▶ [TASK DETAILS]
Return all lines of the records that contain the word "Foto".

▶ [DATA RECORDS]
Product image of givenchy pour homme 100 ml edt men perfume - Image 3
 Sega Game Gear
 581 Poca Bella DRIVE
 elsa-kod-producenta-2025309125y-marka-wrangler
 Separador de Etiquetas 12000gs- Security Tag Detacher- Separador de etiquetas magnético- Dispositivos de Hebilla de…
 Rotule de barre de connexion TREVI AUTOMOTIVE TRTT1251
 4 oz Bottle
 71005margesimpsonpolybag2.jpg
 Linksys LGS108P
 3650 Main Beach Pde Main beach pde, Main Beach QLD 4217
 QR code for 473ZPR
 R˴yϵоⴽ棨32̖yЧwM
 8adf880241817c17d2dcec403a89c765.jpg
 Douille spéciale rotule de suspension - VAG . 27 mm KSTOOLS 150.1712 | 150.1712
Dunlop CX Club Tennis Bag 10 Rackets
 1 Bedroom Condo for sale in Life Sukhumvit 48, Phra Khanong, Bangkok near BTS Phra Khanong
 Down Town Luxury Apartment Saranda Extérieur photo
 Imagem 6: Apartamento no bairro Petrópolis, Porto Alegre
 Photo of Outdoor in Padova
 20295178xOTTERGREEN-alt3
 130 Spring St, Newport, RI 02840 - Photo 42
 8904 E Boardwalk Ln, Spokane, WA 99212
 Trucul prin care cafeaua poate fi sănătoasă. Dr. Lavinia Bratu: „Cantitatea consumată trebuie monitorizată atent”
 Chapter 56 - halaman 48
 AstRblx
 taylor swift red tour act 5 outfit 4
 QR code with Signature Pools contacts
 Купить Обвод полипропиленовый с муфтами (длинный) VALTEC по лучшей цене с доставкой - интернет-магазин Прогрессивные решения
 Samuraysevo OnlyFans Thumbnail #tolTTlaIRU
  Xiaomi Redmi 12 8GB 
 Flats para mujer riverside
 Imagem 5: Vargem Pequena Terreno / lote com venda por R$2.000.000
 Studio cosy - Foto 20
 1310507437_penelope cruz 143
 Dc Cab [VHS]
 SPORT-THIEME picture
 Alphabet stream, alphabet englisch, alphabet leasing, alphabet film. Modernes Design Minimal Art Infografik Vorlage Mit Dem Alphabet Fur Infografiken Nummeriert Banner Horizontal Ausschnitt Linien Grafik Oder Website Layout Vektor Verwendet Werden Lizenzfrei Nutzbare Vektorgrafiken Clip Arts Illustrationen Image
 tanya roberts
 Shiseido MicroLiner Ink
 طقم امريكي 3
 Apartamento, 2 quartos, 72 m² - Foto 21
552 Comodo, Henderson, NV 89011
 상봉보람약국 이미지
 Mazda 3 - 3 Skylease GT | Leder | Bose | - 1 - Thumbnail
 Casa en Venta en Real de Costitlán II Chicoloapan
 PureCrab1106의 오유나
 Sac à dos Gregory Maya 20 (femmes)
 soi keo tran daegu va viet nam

▶ [EXERCISE ANSWER]
 Studio cosy - Foto 20
 Apartamento, 2 quartos, 72 m² - Foto 21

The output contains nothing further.